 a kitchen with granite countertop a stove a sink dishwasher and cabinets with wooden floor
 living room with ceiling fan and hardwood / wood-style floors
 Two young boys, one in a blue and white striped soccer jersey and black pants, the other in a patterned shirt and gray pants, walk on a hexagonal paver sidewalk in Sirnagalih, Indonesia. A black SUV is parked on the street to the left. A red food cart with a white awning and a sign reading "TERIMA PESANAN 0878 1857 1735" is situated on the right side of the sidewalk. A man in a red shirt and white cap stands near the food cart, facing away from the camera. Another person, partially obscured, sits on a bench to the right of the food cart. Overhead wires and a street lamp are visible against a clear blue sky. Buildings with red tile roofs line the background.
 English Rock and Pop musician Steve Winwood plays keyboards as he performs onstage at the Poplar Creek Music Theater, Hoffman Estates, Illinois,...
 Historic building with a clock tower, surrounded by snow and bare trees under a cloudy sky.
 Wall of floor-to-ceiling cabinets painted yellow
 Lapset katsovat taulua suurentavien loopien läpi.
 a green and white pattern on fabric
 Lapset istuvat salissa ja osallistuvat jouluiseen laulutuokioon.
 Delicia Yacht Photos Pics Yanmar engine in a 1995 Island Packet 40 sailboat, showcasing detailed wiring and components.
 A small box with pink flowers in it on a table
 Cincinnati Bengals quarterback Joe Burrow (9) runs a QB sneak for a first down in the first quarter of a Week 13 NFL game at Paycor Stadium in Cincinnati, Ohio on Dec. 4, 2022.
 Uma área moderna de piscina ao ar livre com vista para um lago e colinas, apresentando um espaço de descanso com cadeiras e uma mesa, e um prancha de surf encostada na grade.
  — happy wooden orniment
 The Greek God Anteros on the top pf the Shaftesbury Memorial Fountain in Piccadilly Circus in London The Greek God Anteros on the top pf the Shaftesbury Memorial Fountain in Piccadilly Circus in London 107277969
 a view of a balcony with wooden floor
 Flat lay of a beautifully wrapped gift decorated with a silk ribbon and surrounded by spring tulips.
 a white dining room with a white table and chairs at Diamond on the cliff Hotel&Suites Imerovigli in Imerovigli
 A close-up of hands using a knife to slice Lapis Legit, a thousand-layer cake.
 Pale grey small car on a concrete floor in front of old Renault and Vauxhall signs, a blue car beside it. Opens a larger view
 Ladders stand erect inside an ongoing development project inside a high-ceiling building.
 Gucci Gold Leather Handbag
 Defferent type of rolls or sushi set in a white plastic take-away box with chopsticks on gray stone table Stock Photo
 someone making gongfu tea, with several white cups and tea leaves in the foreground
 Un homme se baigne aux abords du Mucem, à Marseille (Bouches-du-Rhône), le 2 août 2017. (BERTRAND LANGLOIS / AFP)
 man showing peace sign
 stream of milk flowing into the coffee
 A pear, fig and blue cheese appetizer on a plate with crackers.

• • • • •

WHAT IS NEEDED:
Produce an identical printout of the material above.

REPLY TO THE EXERCISE:
 a kitchen with granite countertop a stove a sink dishwasher and cabinets with wooden floor
 living room with ceiling fan and hardwood / wood-style floors
 Two young boys, one in a blue and white striped soccer jersey and black pants, the other in a patterned shirt and gray pants, walk on a hexagonal paver sidewalk in Sirnagalih, Indonesia. A black SUV is parked on the street to the left. A red food cart with a white awning and a sign reading "TERIMA PESANAN 0878 1857 1735" is situated on the right side of the sidewalk. A man in a red shirt and white cap stands near the food cart, facing away from the camera. Another person, partially obscured, sits on a bench to the right of the food cart. Overhead wires and a street lamp are visible against a clear blue sky. Buildings with red tile roofs line the background.
 English Rock and Pop musician Steve Winwood plays keyboards as he performs onstage at the Poplar Creek Music Theater, Hoffman Estates, Illinois,...
 Historic building with a clock tower, surrounded by snow and bare trees under a cloudy sky.
 Wall of floor-to-ceiling cabinets painted yellow
 Lapset katsovat taulua suurentavien loopien läpi.
 a green and white pattern on fabric
 Lapset istuvat salissa ja osallistuvat jouluiseen laulutuokioon.
 Delicia Yacht Photos Pics Yanmar engine in a 1995 Island Packet 40 sailboat, showcasing detailed wiring and components.
 A small box with pink flowers in it on a table
 Cincinnati Bengals quarterback Joe Burrow (9) runs a QB sneak for a first down in the first quarter of a Week 13 NFL game at Paycor Stadium in Cincinnati, Ohio on Dec. 4, 2022.
 Uma área moderna de piscina ao ar livre com vista para um lago e colinas, apresentando um espaço de descanso com cadeiras e uma mesa, e um prancha de surf encostada na grade.
  — happy wooden orniment
 The Greek God Anteros on the top pf the Shaftesbury Memorial Fountain in Piccadilly Circus in London The Greek God Anteros on the top pf the Shaftesbury Memorial Fountain in Piccadilly Circus in London 107277969
 a view of a balcony with wooden floor
 Flat lay of a beautifully wrapped gift decorated with a silk ribbon and surrounded by spring tulips.
 a white dining room with a white table and chairs at Diamond on the cliff Hotel&Suites Imerovigli in Imerovigli
 A close-up of hands using a knife to slice Lapis Legit, a thousand-layer cake.
 Pale grey small car on a concrete floor in front of old Renault and Vauxhall signs, a blue car beside it. Opens a larger view
 Ladders stand erect inside an ongoing development project inside a high-ceiling building.
 Gucci Gold Leather Handbag
 Defferent type of rolls or sushi set in a white plastic take-away box with chopsticks on gray stone table Stock Photo
 someone making gongfu tea, with several white cups and tea leaves in the foreground
 Un homme se baigne aux abords du Mucem, à Marseille (Bouches-du-Rhône), le 2 août 2017. (BERTRAND LANGLOIS / AFP)
 man showing peace sign
 stream of milk flowing into the coffee
 A pear, fig and blue cheese appetizer on a plate with crackers.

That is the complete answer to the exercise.